Mechanical energy conservation works but you applied it incorrectly. You stated mechanical energy conservation as

Energy before compression = Energy at compression.

which can be misleading. A preferred way to write it is in terms of energy changes, $$\Delta K+\Delta U$$ between a starting point A and an ending point B. Here, you want to find the distance by which the spring is compressed when the mass is at equilibrium. Call that distance $x=x_{eq}$.

Suppose you release the block from rest at point A which is the relaxed position of the spring.

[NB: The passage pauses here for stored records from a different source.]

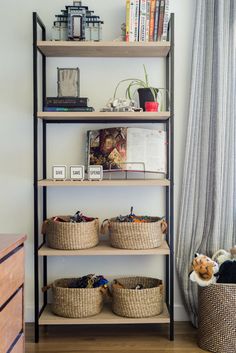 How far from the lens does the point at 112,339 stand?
9.71 ft

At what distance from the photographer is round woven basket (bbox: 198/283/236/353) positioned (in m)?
2.71

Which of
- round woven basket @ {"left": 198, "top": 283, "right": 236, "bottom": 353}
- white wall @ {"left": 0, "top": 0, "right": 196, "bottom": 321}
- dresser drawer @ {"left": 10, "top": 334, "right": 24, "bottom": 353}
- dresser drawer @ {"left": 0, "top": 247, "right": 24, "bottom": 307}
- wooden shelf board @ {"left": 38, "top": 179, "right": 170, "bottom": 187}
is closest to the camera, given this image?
dresser drawer @ {"left": 0, "top": 247, "right": 24, "bottom": 307}

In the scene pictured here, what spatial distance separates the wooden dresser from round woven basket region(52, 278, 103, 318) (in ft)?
2.04

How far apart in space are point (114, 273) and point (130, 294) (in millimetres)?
364

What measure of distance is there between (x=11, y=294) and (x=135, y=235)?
99 centimetres

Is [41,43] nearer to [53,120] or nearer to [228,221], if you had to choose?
[53,120]

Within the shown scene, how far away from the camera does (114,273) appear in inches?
128

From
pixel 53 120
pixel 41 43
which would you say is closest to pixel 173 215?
pixel 53 120

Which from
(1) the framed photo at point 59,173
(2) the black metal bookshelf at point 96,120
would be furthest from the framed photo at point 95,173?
(2) the black metal bookshelf at point 96,120

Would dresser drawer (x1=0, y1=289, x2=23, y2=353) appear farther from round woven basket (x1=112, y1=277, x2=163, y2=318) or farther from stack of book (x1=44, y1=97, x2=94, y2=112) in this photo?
stack of book (x1=44, y1=97, x2=94, y2=112)

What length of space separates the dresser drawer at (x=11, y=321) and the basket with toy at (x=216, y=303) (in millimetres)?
1049

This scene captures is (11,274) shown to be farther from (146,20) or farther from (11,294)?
(146,20)

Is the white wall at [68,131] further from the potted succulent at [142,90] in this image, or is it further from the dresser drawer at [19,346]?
the dresser drawer at [19,346]

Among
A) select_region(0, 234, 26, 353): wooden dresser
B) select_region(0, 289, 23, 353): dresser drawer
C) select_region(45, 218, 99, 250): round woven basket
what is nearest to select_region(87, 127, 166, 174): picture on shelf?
select_region(45, 218, 99, 250): round woven basket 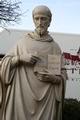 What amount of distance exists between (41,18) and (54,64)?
0.69m

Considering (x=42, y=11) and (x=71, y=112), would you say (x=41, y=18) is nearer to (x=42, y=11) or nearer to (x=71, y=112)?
(x=42, y=11)

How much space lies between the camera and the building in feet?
72.2

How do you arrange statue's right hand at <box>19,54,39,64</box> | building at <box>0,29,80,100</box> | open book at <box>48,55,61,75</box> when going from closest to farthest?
statue's right hand at <box>19,54,39,64</box>, open book at <box>48,55,61,75</box>, building at <box>0,29,80,100</box>

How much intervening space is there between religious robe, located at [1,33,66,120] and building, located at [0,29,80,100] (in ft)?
44.7

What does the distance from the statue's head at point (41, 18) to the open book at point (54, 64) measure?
1.32ft

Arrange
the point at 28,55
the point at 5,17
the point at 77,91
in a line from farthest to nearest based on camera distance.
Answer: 1. the point at 77,91
2. the point at 5,17
3. the point at 28,55

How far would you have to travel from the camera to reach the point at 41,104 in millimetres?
7090

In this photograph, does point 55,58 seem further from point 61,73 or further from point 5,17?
point 5,17

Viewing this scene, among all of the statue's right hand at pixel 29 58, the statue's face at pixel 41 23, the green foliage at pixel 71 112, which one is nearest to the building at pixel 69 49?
the green foliage at pixel 71 112

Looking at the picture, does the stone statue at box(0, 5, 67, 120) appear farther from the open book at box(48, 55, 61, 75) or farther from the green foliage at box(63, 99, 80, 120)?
the green foliage at box(63, 99, 80, 120)

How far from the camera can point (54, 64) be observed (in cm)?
715

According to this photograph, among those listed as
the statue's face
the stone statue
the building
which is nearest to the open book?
the stone statue

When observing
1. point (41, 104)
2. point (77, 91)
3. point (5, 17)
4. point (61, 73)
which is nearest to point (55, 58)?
point (61, 73)

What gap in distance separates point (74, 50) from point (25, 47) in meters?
16.1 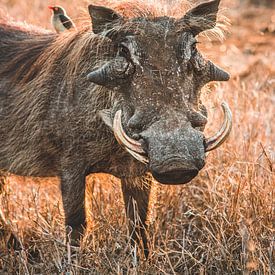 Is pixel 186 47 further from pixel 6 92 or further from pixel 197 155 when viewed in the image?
pixel 6 92

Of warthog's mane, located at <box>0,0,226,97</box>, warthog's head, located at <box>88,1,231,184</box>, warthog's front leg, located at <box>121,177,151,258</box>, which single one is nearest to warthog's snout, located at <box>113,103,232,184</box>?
warthog's head, located at <box>88,1,231,184</box>

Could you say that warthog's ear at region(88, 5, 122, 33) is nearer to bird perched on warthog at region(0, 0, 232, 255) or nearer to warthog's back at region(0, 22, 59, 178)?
bird perched on warthog at region(0, 0, 232, 255)

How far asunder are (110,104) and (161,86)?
398 millimetres

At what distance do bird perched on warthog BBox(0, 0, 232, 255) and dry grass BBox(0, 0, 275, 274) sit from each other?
149mm

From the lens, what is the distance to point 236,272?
3.69 meters

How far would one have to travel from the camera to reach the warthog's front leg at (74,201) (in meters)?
3.76

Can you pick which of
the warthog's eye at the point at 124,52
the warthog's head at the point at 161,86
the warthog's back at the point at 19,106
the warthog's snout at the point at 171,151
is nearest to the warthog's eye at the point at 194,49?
the warthog's head at the point at 161,86

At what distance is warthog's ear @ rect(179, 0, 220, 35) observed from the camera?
3477 mm

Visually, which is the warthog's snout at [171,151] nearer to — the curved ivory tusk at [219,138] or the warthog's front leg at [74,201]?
the curved ivory tusk at [219,138]

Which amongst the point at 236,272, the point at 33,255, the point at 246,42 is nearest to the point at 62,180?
the point at 33,255

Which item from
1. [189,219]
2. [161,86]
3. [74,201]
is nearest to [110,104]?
[161,86]

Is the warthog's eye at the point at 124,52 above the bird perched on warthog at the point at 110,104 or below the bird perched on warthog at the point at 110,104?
above

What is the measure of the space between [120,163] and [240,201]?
76 centimetres

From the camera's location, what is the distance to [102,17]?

The block will descend acquiring kinetic energy at the expense of potential energy until it reaches $x_{eq}.$ However, it will not stop there because at the equilibrium point the acceleration is zero but not the speed. At the equilibrium point the mass has acquired maximum kinetic energy $K_{max}$. It is maximum because past that point, the acceleration changes direction and the speed and kinetic energy decrease.

Now all forces are conservative. Therefore, if the mass gains kinetic energy $K_{max}$ after descending distance $x_{eq}$ when the acceleration is in the same direction, it will need to descend an additional distance $x_{eq}$ when the acceleration is reversed in order to lose $K_{max}$ and reach maximum compression at $x=x_{max}.$ Thus, $$x_{max}=2x_{eq}.$$ Now we write the energy conservation equation from point of release A to point of maximum compression B, $$\begin{align} & \Delta K+\Delta U_{\text{spring}}+\Delta U_{\text{grav.}}=0 \nonumber \\
& (0-0)+\left(\frac{1}{2}kx_{max}^2-0\right)+(0-mgx_{max}\sin\theta)=0 \nonumber \\
&\frac{1}{2}kx_{max}^2=mgx_{max}\sin\theta \implies x_{max}=\frac{2mg\sin\theta}{k}. \nonumber \\
\end{align}.$$ We have seen that $x_{max}=2x_{eq}.$ Therefore, $$x_{eq}=\frac{mg\sin\theta}{k}$$ which is what one gets using the force equilibrium argument.